# NEW Acrylic tank build



## uarujoey

Hi guys, Joey here.

I just wanted to give everyone a heads up that i will be soon posting 
a new video series on how to build an acrylic aquarium.

Start to finnish. everything needed to know. From where to get the acrylic, 
how much you can expect to pay for the acrylic 
how to cut it 
how to design the aquarium 
preparing the edges of the acrylic 
putting the tank together 
welding the tank together 
finishing touches(rounding corners, and flame polishing) 
plumbing the tank 
Designing building and installing filtration.

each step will show exactly how to do everything. In video format. 
Using common and easy to use tools. Nothing fancy.

Once you see this series, you will know everything you need to know to build an acrylic aquarium, and will see just 
how easy it really is.

Also included will be a few added bonuses for my viewers. i dont want to give them away yet.....

This video series will be posted soon. I have set the date to have the first video out, as this friday.

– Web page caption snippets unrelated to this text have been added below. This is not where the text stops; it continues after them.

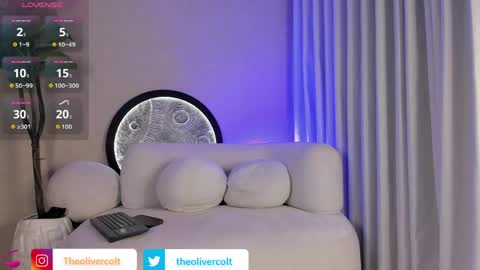 Snapshot of oliver_colt__ chatting on May 2026 09:09:02 PM oliver_colt__ online show from May 2026 09:09:02 PM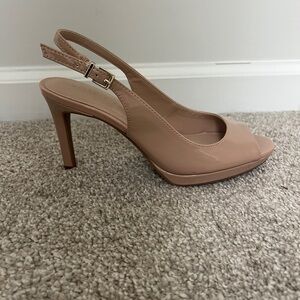 EUC Elegant Kelly & Katie Faux Patent Nude Slingback 4”Heels, Gently Used size 8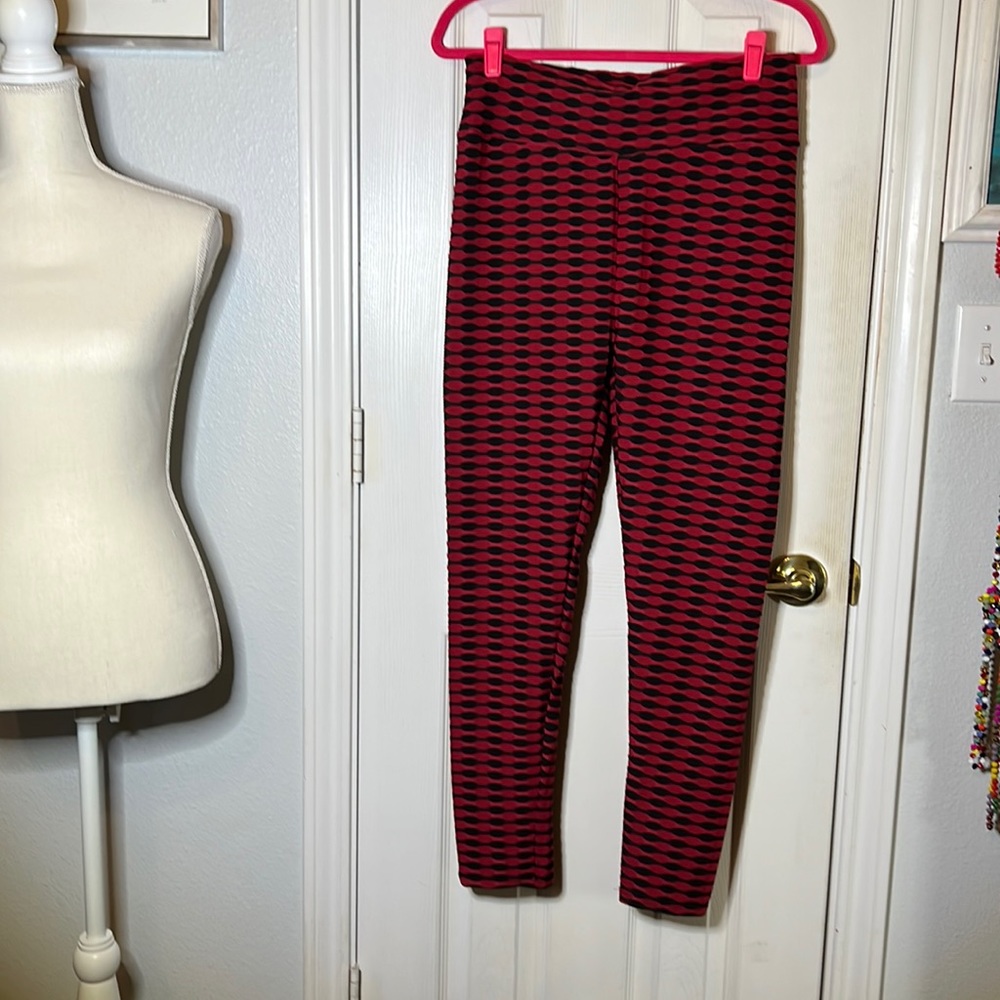 Booty accenting leggings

I will be posting all videos right here for you to see.

Anyways, just a heads up.

All videos will first be uploaded to my YouTube channel here: YouTube - ‪uarujoey's Channel‬‏

Subscribe if you can!

Thanks for looking.


----------



## jay_leask

well your plywood tank is the one we copied so maybe its time to copy acrylic


----------



## jay_leask

and welcome


----------



## uarujoey

jay_leask said:


> well your plywood tank is the one we copied so maybe its time to copy acrylic





jay_leask said:


> and welcome


Thanks for the welcome!

Glad you used my plywood tank as a template for your own. Thats what my videos are for!


----------



## mikebike

I just watched your overflow video well done


----------



## uarujoey

How To Build An Acrylic Aquarium PART 1


----------



## Chappy

This is going to be AWESOME! Can't wait for Part II


----------



## 2wheelsx2

Very cool. I've seen your vids before. Welcome to BCA.


----------



## mikebike

great video.

Thank you very much !


----------



## uarujoey

-N/A- said:


> This is going to be AWESOME! Can't wait for Part II


Thank you. You can expect a new video out every 2-3 days, without delay.



2wheelsx2 said:


> Very cool. I've seen your vids before. Welcome to BCA.

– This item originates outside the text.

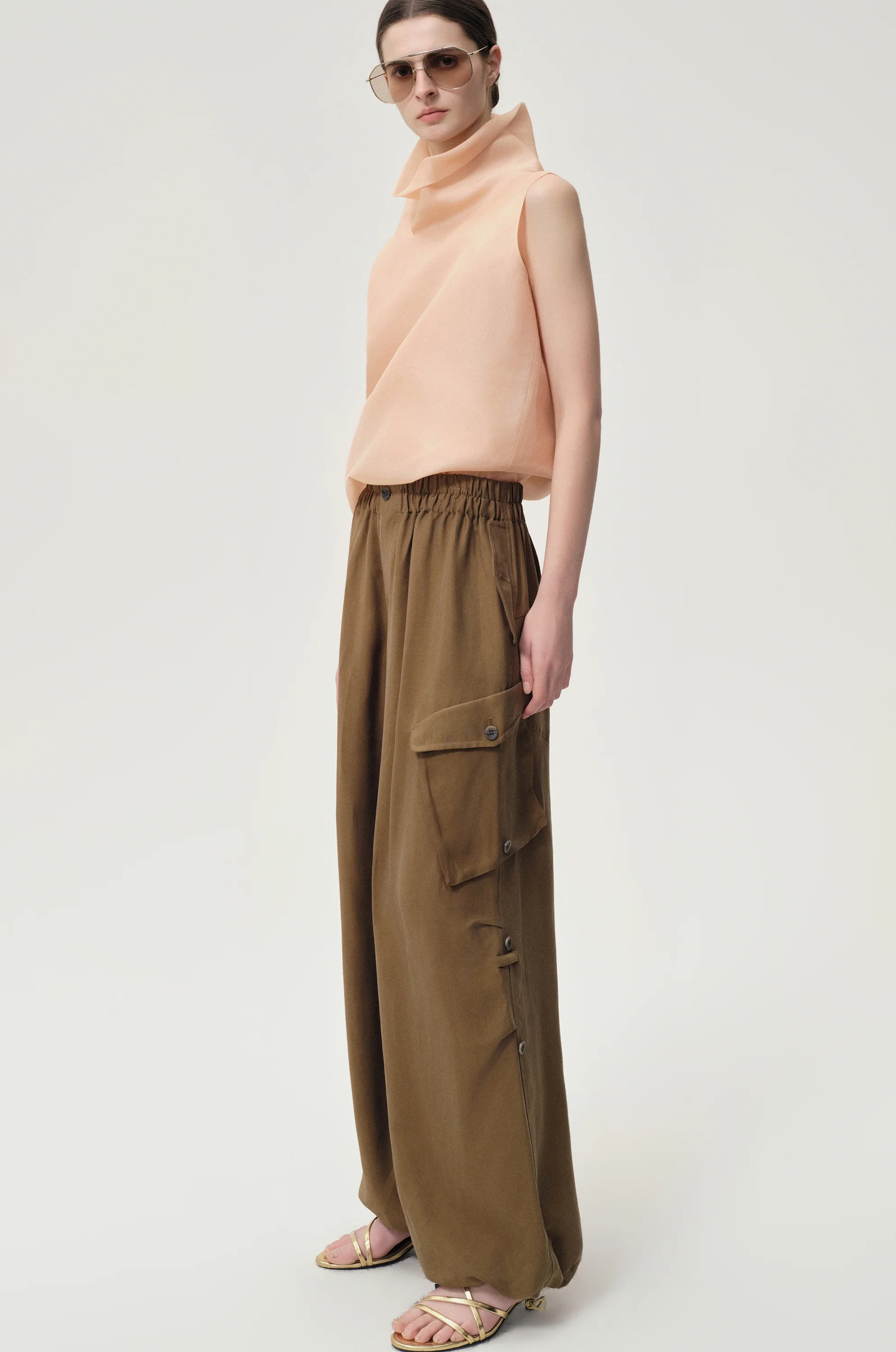 Drift Baggy Cargo Trousers Hazel - Image 4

Thanks for the welcome, and watching my videos in the past as well as this one.



mikeike said:


> great video.
> 
> Thank you very much !


Thanks, and no problem!


----------



## mike.m

sweeet mayb i can make1 wat thinckness would u use for bigger tanks:S? like ur video said 12mm for a 150 gal , and do u need center brace like glass tanks?


----------



## uarujoey

mike.m said:


> sweeet mayb i can make1 wat thinckness would u use for bigger tanks:S? like ur video said 12mm for a 150 gal , and do u need center brace like glass tanks?


12mm glass for those dimensions yes.

Length and height depicts thickness needed. So for bigger tanks, it depends on dimensions.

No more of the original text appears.